Apparently there’s been a rumor going around that Joe Manganiello‘s been hooking up with Demi Moore which he really wants people to know is not happening. Because, seriously, who does that? Not counting douches in trucker hats. Those aren’t people. Via E! News:
“There is 100 percent zero truth to that,” Manganiello told Ryan Seacrest this morning during his 102.7 KIIS FM radio show. “I met her once at a premiere and I maybe talked to her for three minutes.”
Manganiello may not be romancing Moore, but it’s not like they don’t have anything in common.
“She was in Striptease, so I was like, ‘Hey, you played a stripper!
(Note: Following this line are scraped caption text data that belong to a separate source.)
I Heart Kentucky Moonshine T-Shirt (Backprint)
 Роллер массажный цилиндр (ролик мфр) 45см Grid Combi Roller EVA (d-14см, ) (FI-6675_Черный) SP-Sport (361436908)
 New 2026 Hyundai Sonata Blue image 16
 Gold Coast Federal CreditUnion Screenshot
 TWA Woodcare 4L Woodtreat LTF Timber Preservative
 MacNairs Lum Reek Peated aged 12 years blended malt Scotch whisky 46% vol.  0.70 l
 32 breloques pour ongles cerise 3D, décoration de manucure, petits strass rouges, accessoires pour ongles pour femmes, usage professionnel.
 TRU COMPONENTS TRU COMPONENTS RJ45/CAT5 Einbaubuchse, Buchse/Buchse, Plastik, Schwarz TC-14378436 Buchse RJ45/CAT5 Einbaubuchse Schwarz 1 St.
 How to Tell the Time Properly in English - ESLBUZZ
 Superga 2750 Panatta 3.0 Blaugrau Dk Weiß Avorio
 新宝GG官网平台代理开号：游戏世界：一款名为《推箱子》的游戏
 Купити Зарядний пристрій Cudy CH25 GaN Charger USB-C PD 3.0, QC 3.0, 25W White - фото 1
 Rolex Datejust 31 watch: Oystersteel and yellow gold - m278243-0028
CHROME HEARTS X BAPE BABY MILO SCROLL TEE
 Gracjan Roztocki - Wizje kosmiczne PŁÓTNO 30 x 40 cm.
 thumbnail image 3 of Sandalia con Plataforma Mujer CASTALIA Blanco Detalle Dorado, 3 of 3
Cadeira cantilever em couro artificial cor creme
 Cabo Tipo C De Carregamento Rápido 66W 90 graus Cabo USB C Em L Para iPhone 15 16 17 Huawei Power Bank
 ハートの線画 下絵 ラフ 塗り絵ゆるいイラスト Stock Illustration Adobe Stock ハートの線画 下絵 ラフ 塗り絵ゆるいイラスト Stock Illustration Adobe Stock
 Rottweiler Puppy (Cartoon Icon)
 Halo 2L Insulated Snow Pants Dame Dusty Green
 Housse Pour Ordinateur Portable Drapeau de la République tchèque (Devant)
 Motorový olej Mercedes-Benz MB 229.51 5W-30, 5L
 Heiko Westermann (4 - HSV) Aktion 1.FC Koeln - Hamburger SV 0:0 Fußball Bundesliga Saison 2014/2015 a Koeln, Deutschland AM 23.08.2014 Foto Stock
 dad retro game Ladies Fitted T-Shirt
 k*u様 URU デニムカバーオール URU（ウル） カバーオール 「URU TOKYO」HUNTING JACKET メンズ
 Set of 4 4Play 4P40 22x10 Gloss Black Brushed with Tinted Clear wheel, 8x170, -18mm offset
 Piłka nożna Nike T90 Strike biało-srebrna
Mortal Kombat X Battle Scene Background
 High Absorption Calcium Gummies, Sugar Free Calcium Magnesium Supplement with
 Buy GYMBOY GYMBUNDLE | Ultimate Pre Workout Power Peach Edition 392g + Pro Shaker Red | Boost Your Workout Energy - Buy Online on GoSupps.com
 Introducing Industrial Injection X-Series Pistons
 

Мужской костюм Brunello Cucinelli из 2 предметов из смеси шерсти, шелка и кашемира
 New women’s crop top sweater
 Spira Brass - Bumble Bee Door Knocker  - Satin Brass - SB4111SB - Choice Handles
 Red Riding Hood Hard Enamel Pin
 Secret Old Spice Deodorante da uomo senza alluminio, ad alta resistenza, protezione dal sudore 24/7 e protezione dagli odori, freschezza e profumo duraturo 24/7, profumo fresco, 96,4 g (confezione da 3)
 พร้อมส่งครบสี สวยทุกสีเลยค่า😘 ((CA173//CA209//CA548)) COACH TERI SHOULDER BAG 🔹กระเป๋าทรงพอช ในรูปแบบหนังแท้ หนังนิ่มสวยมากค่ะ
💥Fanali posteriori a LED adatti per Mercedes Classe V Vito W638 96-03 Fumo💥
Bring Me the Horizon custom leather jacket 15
I’m playing a stripper,’” he told Seacrest, adding, “and we kind of had a three-minute conversation about exchanging stripping notes, and that was it.”
“Okay, maybe I did try to have sex with her, but then this yellow flash just sort of flew right between us, and the next thing I know she’s literally birthing twins right in front of me. Now, normally, that’s not a dealbreaker, but these things were practically toddlers, and it was the tenth time that happened to me that night. So I threw in the towel and got a hooker. Ya gotta know when to fold ‘em, Ryan.”
I completely forgot I granted him this power, but let’s not kid ourselves: Alexander Skarsgard‘s out there penetrating women in bullet time. There’s no competition. It’s like trying to race Superman except you’re on a tricycle and he’s breaking the goddamn sound barrier redefining the very definition of rape as we know it.
Adding… Do I hate myself that this is a ham-fisted True Blood reference? Yes. Yes, I do.